BEGIN RECORDS FOR PROCESSING

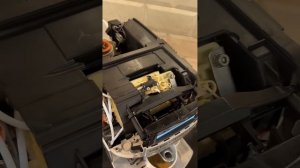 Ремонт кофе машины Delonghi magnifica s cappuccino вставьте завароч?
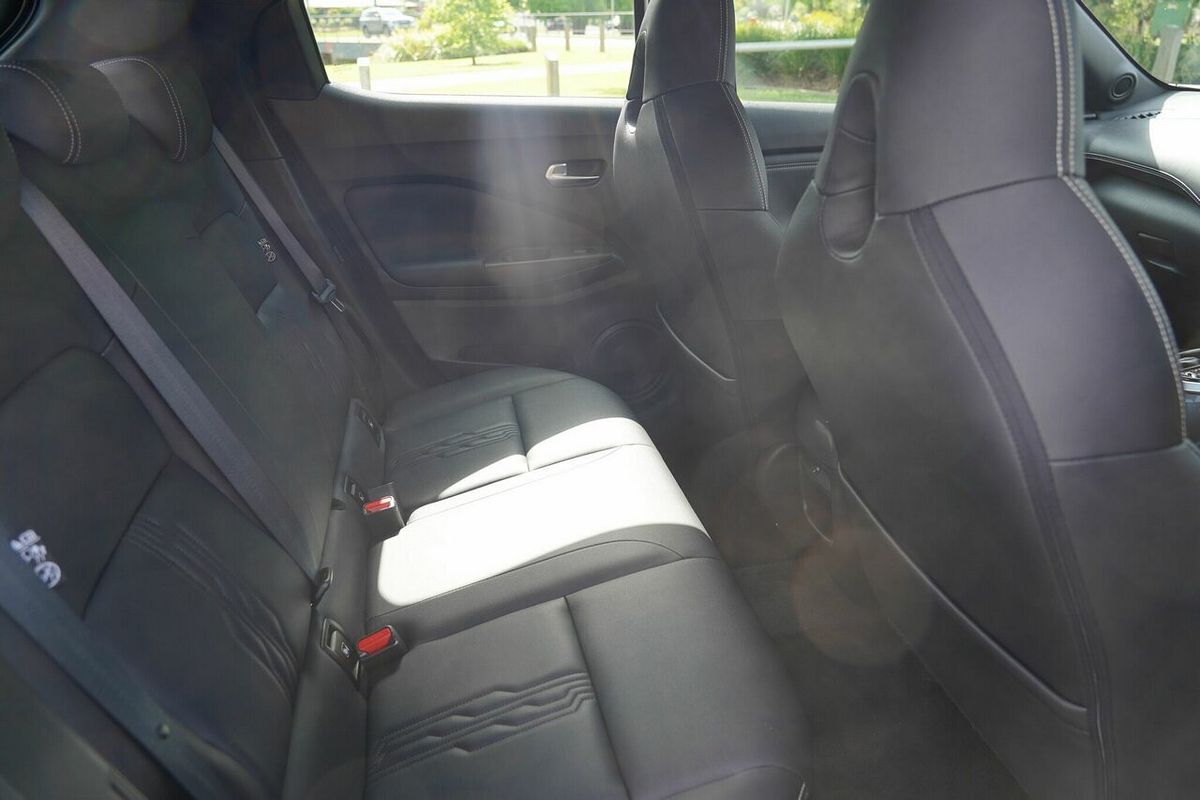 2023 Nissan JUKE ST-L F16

END RECORDS FOR PROCESSING
BEGIN RECORDS FOR PROCESSING

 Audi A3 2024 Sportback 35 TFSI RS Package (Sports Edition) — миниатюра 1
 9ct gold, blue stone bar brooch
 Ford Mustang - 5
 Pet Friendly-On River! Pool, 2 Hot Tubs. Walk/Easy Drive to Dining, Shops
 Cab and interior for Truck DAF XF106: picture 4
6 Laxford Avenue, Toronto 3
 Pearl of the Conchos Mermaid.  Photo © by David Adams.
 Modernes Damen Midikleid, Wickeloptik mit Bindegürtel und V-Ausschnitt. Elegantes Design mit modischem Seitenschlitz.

END RECORDS FOR PROCESSING
BEGIN RECORDS FOR PROCESSING

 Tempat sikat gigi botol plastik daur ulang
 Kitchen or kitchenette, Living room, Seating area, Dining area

END RECORDS FOR PROCESSING

-- PROBLEM TO SOLVE --
Find "Audi A3 2024" in the entries above and copy that whole line exactly, then each line after it through the line that contains "Modernes Damen Midikleid, Wickeloptik".

-- ANSWER SPACE --
 Audi A3 2024 Sportback 35 TFSI RS Package (Sports Edition) — миниатюра 1
 9ct gold, blue stone bar brooch
 Ford Mustang - 5
 Pet Friendly-On River! Pool, 2 Hot Tubs. Walk/Easy Drive to Dining, Shops
 Cab and interior for Truck DAF XF106: picture 4
6 Laxford Avenue, Toronto 3
 Pearl of the Conchos Mermaid.  Photo © by David Adams.
 Modernes Damen Midikleid, Wickeloptik mit Bindegürtel und V-Ausschnitt. Elegantes Design mit modischem Seitenschlitz.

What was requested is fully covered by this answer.